For the Lemans enthusiest, I do not mean to offend. Just personal preference.

Thanks


----------



## Instg8ter (Sep 28, 2010)

:agree of all the treatments the LeMans was the most boring....at least the 66' had the crescents and the sweet 4' fluted "Pontiac" the best treatment of all even GTO IMHO...although i may be a bit prejudiced.... Yes to do the GTO or any other treatment you have to do the whole panel from quarter to quarter, need to weld brace in before removing and weld the panel in so you would also need to paint the rear end....its a pretty major undertaking and the lights and louvers are not cheap. your probably talking 800 in materials, ? on labor at least as much, plus paint blending.
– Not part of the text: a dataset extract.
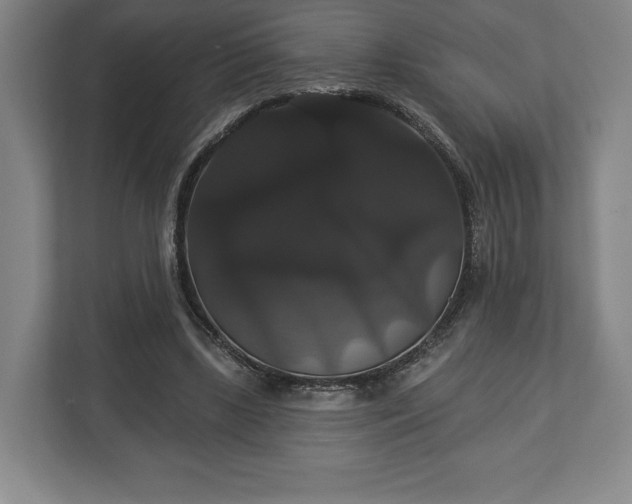 X0000113060443200909041041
1966 Tempest pictures by instg8ter - Photobucket

Brian


----------



## Eric Animal (Oct 28, 2007)

You COULD cut the metal where the tail lights are and graft in metal from a 67 GTO light panel....then you will need a GTO rear bumper for the reverse lights. You will need to alter the rear light harness to acommidate the new lights. Like Brian said, changing the entire panel is the proper method, but you will end up doing a lot more body work and paint.....Eric


----------



## Instg8ter (Sep 28, 2010)

Hey Eric, you don't have a spare trunk deck trim bar laying around from your parts car do you? I never noticed the 67's quarter trim was different. 67' GTO bumper will have rectangular reverse lights GotYourGoat, the 66' will have round and the LeMans they're in the light housing. if you can get a GTO light housing you may be able to do as Eric said and just fabricate the openings or weld in on the panel and not the seams, still not a weekend project.


----------



## Eric Animal (Oct 28, 2007)

Brian, the 66 trunk has a different shape than a 67...therefore the 67 trim WON"T fit the 66......


----------



## Instg8ter (Sep 28, 2010)

Ahhhh, yep ends in a different place on the curl....learn something new every day. ames has them listed (Inquire), you know what that means.....LOL. have to order me some front wheel well trims, have two brand new backs i picked up cheap and the one front i have is well worn, maybe i will inquire then and bend over.....Thanks E


----------



## gotyorgoat (Jun 19, 2011)

Thanks for the help. Sounds like with the right parts and some cut and patch, I could make it work without cutting out the whole panel. I do like the look of the 66 lemans. That is a beautiful car.


----------



## gotyorgoat (Jun 19, 2011)

Instg8ter - What color is your Lemans? I think that I just found my new favorite. Please give me as much paint info as possible and maybe another pic. Thanks.


----------



## Instg8ter (Sep 28, 2010)

Thanks GotYor, if you click the link at the bottom of my post there are 900 pics of the whole build start to finish, the color is GM Bahama Blue Metallic, picked it because it is dead nuts match to Barrier blue (original color) with a very fine metal flake in it. Mine is tempest Custom but i loved that Lemans tailpanel piece so much i had to have it...hard to find. 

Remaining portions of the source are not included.